REINEKE: I actually haven't played the trumpet in probably close to 20 years. As soon as I graduated, I put it in the case and pretty much never opened it again.
MW: Not even in your spare time?
REINEKE: No, it just takes too much to keep it up. I had won a grant after college to go to Los Angeles and study film music, so I was fully invested in composing and writing music. And that took enough time out of my day, rather than to sit and practice the trumpet for three or four hours. I just had music running around my head and I needed a way to get it out. The trumpet you can only play one note at a time, so that was fine for a while but then I just needed to explode. So I needed 10 fingers and 10 toes to be able to figure out how to do that.
MW: So initially you tried your hand at being a film composer?
REINEKE: Yeah, I lived in L.A. for two years. A lot of independent study, some with Henry Mancini before he passed away. I did a lot of recordings with the Composers Guild Orchestra of Los Angeles, basically putting together a demo reel for producers and directors. I made a lot of great contacts, and it was fun, but it all led back to me being kind of discovered by Erich Kunzel at the Cincinnati Pops. I went to Cincinnati for some months and did some work on some recordings that the Cincinnati Pops were doing. And Erich liked them so much he said: ''Would you consider moving back to Cincinnati and being our principal arranger and composer for the Cincinnati Pops Orchestra?'' And of course I was a 24- or 25-year-old kid, and there was no job like that in the country left any more. So I was ecstatic.
MW: Are there jobs like that in the country now?

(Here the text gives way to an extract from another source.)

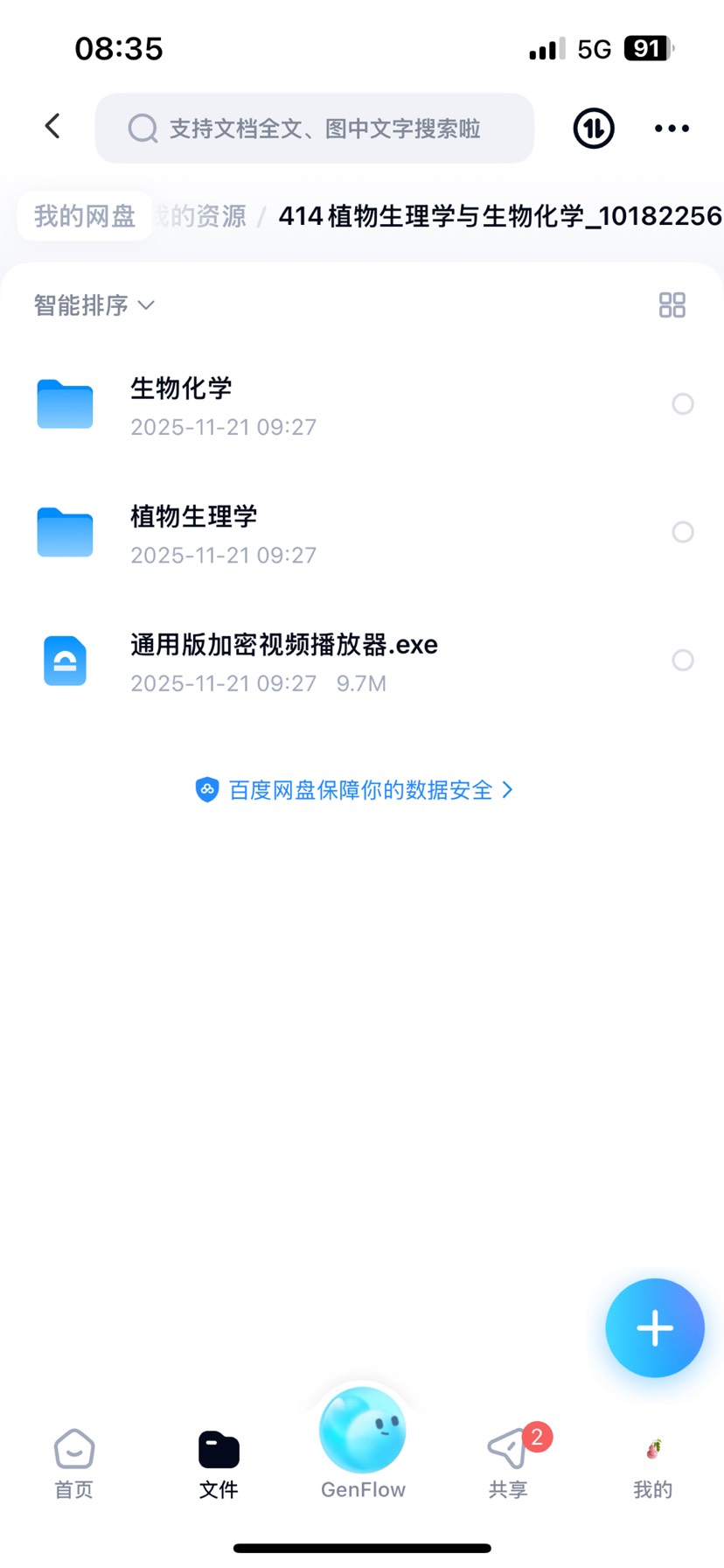 【分享】植物生理学资料 封面
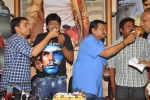 Gabbar Singh Movie Success Meet - 17 of 26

REINEKE: No, no there's not. That was the last of its kind, of really a full-time job. All of that work now is still done, but done on a much more pared down, freelance basis. I hire a lot of arrangers and orchestrators now. I may use two or three different arrangers on a project, rather than having one full-time staff position. They just don't exist anymore.
MW: Is that when you started conducting, as an arranger with the Cincinnati Pops?
REINEKE: That is when I started conducting, when I studied with Erich. One time, we were on a long road trip, and he looked over and saw me air-conducting in the passenger seat to a recording of ours, and said, ''What, so now you want my job too?'' That began our formal training in conducting.
MW: He trained you how to conduct?
REINEKE: Yeah, he did. We had real, scheduled lessons and everything. Every time he was in town, he'd give me assignments. But I tell you what, I learned a lot just being around a genius like him – watching him put together programs, watching him interact with audiences, patrons, donors. He was the best teacher I'll ever have because he was a master at it all. He was so good at it.
MW: How long has the pops orchestra concept been around?
REINEKE: Since the late 1880s, really. The Boston Pops really started the genre. When Arthur Fiedler came on the scene [as head of the Boston Pops in the 1930s], he really fine-tuned the genre of what pops is, of what a pops orchestra is. At that time they were doing a lot of light operetta. They would do Franz Lehar's The Merry Widow. They would do the overture to Strauss's Die Fledermaus. And as it grew, my teacher, Erich Kunzel, he kind of picked up where Arthur Fiedler left off. He started to really incorporate early guest artists. The greats, when they were still alive: Ella Fitzgerald, Duke Ellington, Frank Sinatra. Eric would hire them and work with them with a full symphony orchestra backing them up. He even encouraged Duke Ellington to write some of his strictly orchestral music, rather than his big band jazz stuff. So those were great, great collaborations. And that's really where it came from. And now, you know, we have different guest artists. We can still harken back to that music, but there are people like Roberta Flack and like Chris Botti that we work with today. And believe me, I'd love to get together with someone like Adele – I'm hoping that happens. Please, have that baby!